I have found out that if I have a MAX = 10000 (as in the example), I can calculate up to 3250! If I try with 3251! I get a 'Abort trap: 6' message. Why is that number? Where does it come from?
Which would be the difference if I compile this code for a 32-bit machine with the flag -m32? Would it run he same as in 64-bit?
Thanks!
As Scott Hunter points out, MAX is the maximum number of elements in the fact and arr arrays, which means it's the maximum number of digits that can occur in the result before the program runs out of space.
Note that the code only uses MAX in its array declarations. Nowhere does it use MAX to determine whether or not it's trying to read from or write to memory beyond the end of those arrays. This is a Bad Thing™. Your "Abort trap: 6" error is almost certainly occurring because trying to compute 3251! is doing exactly that: using a too-large index with arr and fact.
To see the number of digits required for a given factorial, you can increase MAX (say, to 20,000) and replace the existing printf calls in main with something like this:
printf("Factorial requires %d digits.\n", length + 1);
Note that I use length + 1 because length isn't the number of digits by itself: rather, it's the index of the array position in fact that contains the most-significant digit of the result. If I try to compute 3251!, the output is:
Factorial requires 10008 digits.
This is eight digits more than you have available in fact with the default MAX value of 10,000. Once the program logic goes beyond the allocated space in the array, its behavior is undefined. You happen to be seeing the error "Abort trap: 6."
Interestingly, here's the output when I try to compute 3250!:
Factorial requires 10005 digits.
That's still too many for the program to behave reliably when MAX is set to 10,000, so the fact that your program calculates 3250! successfully might be surprising, but that's the nature of undefined behavior: maybe your program will produce the correct result, maybe it will crash, maybe it will become self-aware and launch its missiles against the targets in Russia (because it knows that the Russian counterattack will eliminate its enemies over here). Coding like this is not a good idea. If your program requires more space than it has available in order to complete the calculation, it should stop and display an appropriate error message rather than trying to continue what it's doing.
MAX is the number of elements in fact and arr; trying to access an element with an index >= MAX would be bad.
Error messages are often specific to the environment you are using, which you have provided no details for.
They are not the same, but the differences (for example, the size of pointers) should not affect this code in any discernible way.

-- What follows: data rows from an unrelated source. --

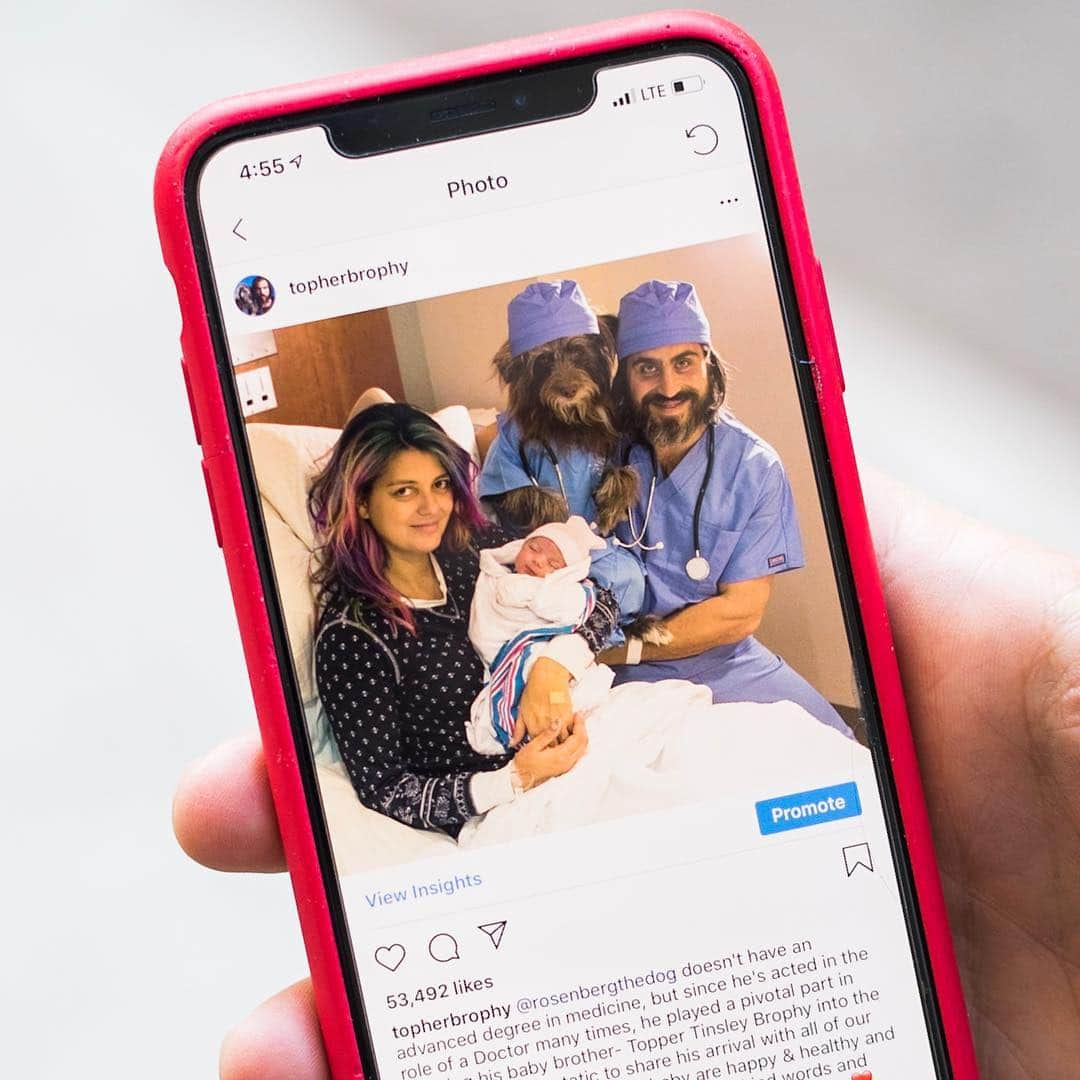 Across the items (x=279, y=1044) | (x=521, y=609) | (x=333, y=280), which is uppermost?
(x=333, y=280)

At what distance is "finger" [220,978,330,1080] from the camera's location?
0.36 metres

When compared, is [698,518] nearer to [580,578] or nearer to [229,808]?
[580,578]

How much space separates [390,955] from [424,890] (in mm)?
21

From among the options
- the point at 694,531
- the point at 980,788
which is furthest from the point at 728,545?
the point at 980,788

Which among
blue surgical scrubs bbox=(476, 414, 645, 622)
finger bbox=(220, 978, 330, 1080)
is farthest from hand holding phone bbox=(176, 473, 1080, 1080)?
blue surgical scrubs bbox=(476, 414, 645, 622)

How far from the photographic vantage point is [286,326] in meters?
0.34

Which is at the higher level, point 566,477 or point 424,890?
point 566,477

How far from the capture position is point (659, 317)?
0.35 meters

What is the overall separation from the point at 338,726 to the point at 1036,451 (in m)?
0.34

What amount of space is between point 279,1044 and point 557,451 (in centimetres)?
20

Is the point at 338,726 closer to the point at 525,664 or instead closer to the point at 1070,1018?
the point at 525,664

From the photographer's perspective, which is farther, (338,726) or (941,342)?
(941,342)

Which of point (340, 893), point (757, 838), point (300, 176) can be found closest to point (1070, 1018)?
point (757, 838)

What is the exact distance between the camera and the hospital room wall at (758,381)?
349mm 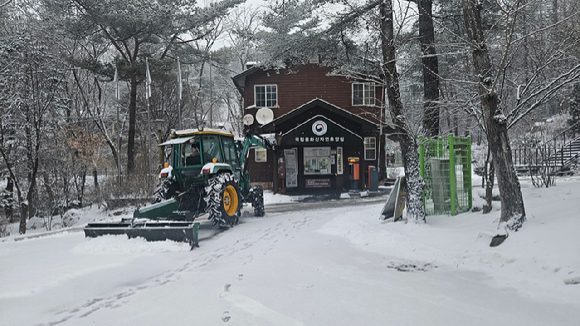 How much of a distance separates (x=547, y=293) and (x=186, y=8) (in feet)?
69.9

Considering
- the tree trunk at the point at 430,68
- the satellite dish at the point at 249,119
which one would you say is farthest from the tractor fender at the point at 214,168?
the satellite dish at the point at 249,119

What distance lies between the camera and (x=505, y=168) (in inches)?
259

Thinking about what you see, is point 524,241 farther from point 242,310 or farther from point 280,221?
point 280,221

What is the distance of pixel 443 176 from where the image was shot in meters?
9.72

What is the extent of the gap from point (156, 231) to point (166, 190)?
2634mm

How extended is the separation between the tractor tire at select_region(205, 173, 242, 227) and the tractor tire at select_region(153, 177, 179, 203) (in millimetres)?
1225

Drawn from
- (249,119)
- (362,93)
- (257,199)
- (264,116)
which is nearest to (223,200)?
(257,199)

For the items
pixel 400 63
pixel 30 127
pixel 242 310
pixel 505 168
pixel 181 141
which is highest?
pixel 400 63

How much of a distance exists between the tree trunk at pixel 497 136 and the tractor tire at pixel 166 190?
713 cm

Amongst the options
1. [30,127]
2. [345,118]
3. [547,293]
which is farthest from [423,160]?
[30,127]

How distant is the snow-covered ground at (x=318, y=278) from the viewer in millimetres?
Answer: 3955

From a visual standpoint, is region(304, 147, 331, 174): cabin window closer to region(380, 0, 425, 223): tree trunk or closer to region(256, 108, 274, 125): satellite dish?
region(256, 108, 274, 125): satellite dish

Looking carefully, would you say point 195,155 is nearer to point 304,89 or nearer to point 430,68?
point 430,68

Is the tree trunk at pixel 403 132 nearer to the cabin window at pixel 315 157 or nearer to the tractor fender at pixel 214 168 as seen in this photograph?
the tractor fender at pixel 214 168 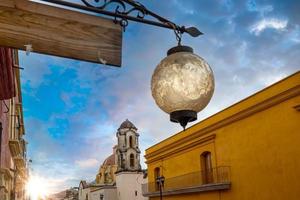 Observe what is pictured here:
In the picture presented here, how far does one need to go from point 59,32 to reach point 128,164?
121 feet

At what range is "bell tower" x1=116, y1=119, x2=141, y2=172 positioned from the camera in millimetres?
37844

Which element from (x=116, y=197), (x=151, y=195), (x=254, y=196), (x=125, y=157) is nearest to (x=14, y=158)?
(x=254, y=196)

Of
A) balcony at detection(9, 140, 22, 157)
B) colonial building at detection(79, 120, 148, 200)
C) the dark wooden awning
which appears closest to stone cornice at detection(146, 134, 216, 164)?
balcony at detection(9, 140, 22, 157)

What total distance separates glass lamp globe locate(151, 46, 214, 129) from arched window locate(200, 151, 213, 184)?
15.7m

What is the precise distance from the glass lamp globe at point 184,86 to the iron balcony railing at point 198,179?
14445 mm

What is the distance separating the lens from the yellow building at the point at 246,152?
507 inches

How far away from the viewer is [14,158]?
12062 mm

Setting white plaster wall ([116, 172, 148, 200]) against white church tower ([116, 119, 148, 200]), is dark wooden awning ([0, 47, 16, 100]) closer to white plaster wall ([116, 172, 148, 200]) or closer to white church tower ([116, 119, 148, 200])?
white church tower ([116, 119, 148, 200])

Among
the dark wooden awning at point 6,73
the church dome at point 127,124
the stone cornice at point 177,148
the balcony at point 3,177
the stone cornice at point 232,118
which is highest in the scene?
the church dome at point 127,124

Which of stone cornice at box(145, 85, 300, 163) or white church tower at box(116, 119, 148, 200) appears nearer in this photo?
stone cornice at box(145, 85, 300, 163)

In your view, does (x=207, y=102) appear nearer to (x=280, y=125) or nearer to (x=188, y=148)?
(x=280, y=125)

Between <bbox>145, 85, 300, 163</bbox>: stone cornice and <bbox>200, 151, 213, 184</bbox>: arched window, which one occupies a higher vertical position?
<bbox>145, 85, 300, 163</bbox>: stone cornice

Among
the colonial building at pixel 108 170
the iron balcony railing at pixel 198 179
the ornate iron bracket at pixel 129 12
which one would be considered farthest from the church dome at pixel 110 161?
the ornate iron bracket at pixel 129 12

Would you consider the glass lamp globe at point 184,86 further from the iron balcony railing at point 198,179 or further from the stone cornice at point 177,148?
the stone cornice at point 177,148
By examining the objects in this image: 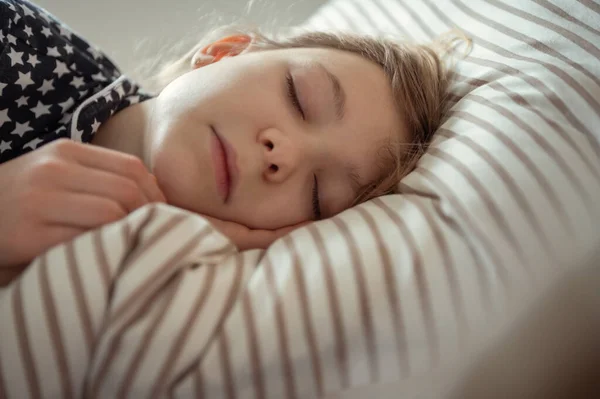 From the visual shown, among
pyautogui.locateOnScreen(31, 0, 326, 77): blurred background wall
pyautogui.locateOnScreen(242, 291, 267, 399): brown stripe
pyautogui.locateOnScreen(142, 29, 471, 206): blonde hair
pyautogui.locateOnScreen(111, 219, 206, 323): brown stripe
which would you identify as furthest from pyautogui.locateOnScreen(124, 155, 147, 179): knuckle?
pyautogui.locateOnScreen(31, 0, 326, 77): blurred background wall

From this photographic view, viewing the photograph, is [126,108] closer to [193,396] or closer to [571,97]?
[193,396]

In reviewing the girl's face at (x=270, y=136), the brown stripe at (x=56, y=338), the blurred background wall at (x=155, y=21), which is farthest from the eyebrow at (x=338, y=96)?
the blurred background wall at (x=155, y=21)

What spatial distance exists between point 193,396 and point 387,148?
1.56 feet

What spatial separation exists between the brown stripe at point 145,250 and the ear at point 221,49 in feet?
1.66

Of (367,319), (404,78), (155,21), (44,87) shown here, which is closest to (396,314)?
(367,319)

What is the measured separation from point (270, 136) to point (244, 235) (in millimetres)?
148

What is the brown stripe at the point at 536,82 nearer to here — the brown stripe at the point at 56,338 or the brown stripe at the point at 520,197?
the brown stripe at the point at 520,197

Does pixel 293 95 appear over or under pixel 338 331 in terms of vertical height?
over

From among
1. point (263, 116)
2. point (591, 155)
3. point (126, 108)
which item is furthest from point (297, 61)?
point (591, 155)

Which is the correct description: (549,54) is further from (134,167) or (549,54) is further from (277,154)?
(134,167)

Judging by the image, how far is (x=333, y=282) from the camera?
506 millimetres

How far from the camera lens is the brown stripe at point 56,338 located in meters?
0.44

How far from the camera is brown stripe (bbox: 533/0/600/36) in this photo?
0.71m

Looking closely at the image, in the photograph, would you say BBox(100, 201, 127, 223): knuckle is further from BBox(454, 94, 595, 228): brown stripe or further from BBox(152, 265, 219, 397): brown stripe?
BBox(454, 94, 595, 228): brown stripe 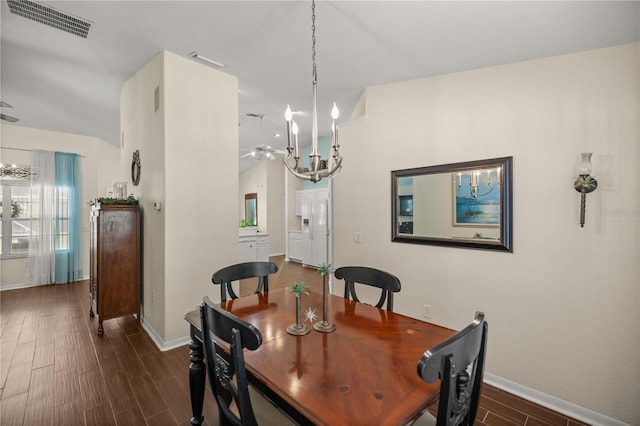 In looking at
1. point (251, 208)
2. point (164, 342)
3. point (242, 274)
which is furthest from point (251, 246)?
point (242, 274)

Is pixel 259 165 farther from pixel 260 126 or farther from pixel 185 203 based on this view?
pixel 185 203

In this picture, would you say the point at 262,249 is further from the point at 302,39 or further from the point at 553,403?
the point at 553,403

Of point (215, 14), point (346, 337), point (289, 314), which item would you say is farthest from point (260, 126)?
point (346, 337)

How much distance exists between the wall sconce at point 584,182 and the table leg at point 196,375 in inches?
105

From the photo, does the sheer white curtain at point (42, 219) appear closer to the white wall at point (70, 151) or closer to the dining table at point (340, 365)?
the white wall at point (70, 151)

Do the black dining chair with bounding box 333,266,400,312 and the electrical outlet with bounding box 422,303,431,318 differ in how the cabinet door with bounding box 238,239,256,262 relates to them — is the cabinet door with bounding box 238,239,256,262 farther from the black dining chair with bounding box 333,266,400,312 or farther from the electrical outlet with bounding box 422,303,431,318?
the black dining chair with bounding box 333,266,400,312

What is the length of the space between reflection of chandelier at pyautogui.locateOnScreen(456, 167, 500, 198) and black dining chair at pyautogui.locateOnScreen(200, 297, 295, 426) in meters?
2.22

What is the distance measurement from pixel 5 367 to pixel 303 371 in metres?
3.20

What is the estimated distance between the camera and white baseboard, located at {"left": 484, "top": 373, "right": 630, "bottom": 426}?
1.94 m

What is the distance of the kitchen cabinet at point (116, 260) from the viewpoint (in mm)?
3178

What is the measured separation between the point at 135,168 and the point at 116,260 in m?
1.21

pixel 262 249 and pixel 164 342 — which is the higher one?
pixel 262 249

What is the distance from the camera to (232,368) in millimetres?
1182

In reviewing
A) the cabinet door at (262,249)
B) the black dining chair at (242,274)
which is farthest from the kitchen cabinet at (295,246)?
the black dining chair at (242,274) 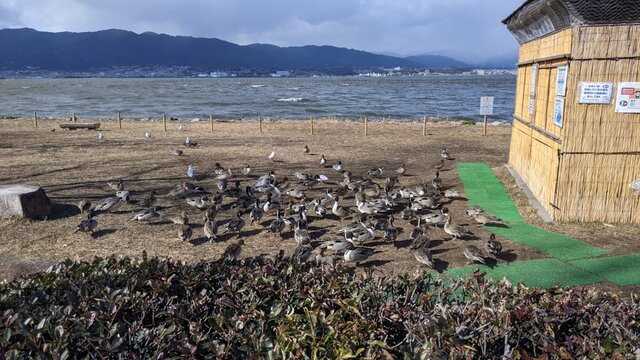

I have just started competitive programming in SPOJ.I'm confused from sometime why i'm getting runtime error in ideone.The question is:
A positive integer is called a palindrome if its representation in the decimal system is the same when read from left to right and from right to left. For a given positive integer K of not more than 1000000 digits, write the value of the smallest palindrome larger than K to output. Numbers are always displayed without leading zeros.
Input
The first line contains integer t, the number of test cases. Integers K are given in the next t lines.
Output
For each K, output the smallest palindrome larger than K.
Example
Input:
2
808
2133
Output:
818
2222
My program:
#include <stdio.h>
int main(void)
{
int t,i,reverse,same;
scanf("%d",&t); //t is no. of test cases
int num[t]; //num[t] is array of t elements
for(i=0;i<t;i++)
scanf("%d",&num[i]);
i=0; //since i will be equal to t therefore i is assigned to 0.
while(t--)
{
if(num[i]<=1000000)
{
while(num[i]++)
{
reverse=0;
same=num[i];
while(same>0)
{
reverse=reverse*10;
reverse=reverse+same%10;
same=same/10;
}
if(reverse==num[i])
printf("%d",reverse);
printf("\n");
if(reverse==num[i])
break;
}
}
i++;
}
return 0;
}
I don't know where i'm wrong.I'm sorry i'm asking this question may this question is asked by someone before.I tried to find the result but could not get the answer.Thankyou in advance and sorry for my bad english.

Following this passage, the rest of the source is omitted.